For years the Democratic majority of the New York State Assembly advanced bills its members knew the Republican-controlled State Senate wouldn't pass. Still other legislation, especially related to government ethics, transparency, and elections, stewed on the backburner with neither majority moving it forward. Those were the days of two-party rule in Albany, of a group of breakaway Democrats who buoyed Republicans, and a governor happy to straddle the middle.

Since Democrats took over the State Senate in 2019 those dynamics have shifted. The floodgates opened to a stream of progressive and reform legislation that had long been blocked by Republicans, aided by the Democratic faction known as the Independent Democratic Conference (IDC), or remained on the Assembly's cutting room floor of one-house bills.

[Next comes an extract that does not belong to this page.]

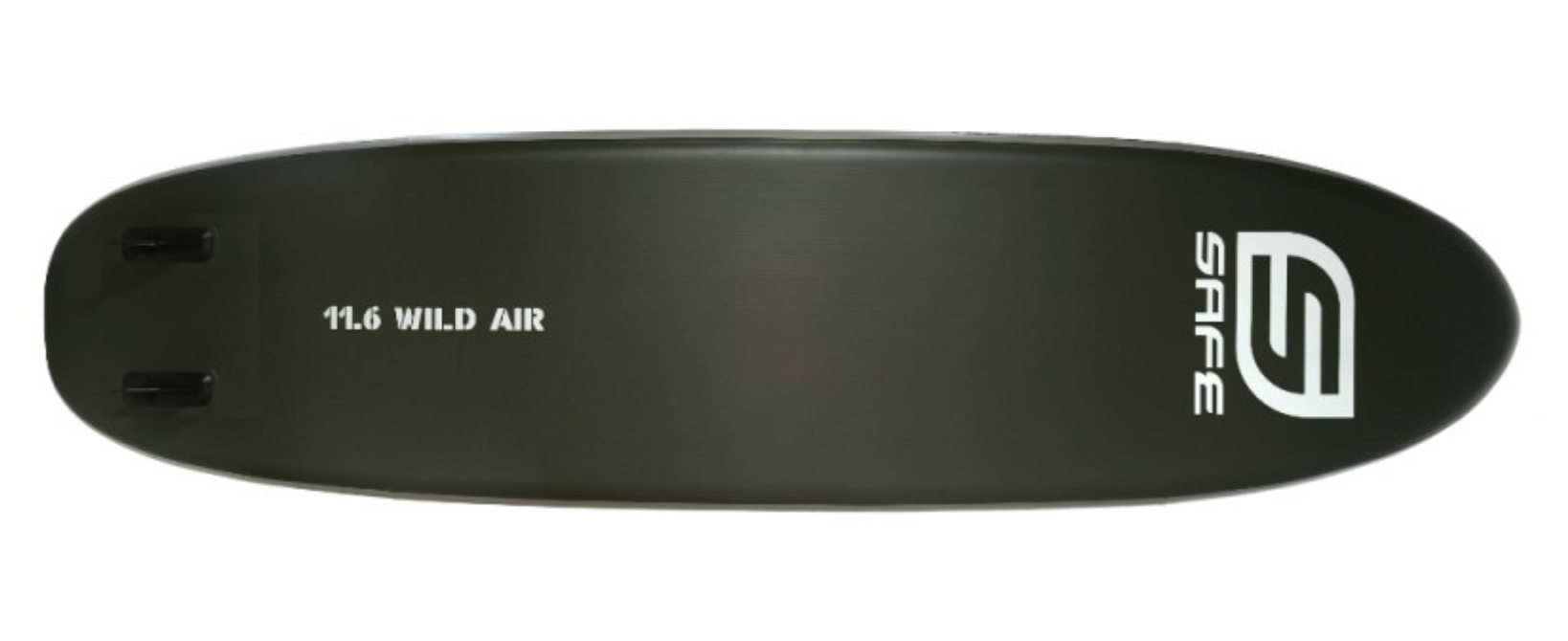 Tavola Sup - WILD AIR 11'6'' - SAFE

But for the last three years of one-party rule, even as they passed a long list of priorities, a new sticking-point has emerged in the path of several reform efforts: Assembly Democrats.

"The Senate has its foot on the gas and the Assembly has its foot on the break, generally speaking," said Blair Horner, executive director of the good government group NYPIRG. "Now of course that's not always true," he added, "and sometimes there are good reasons to have your foot on the brake."

In the first week of the 2019 session, lawmakers passed major changes to elections and gender discrimination statutes that had been in the offing for years. Since then, both chambers have passed a slew of weighty legislation dealing with climate change, reproductive rights, rent regulation, bail and discovery, and campaign finance, to name a few.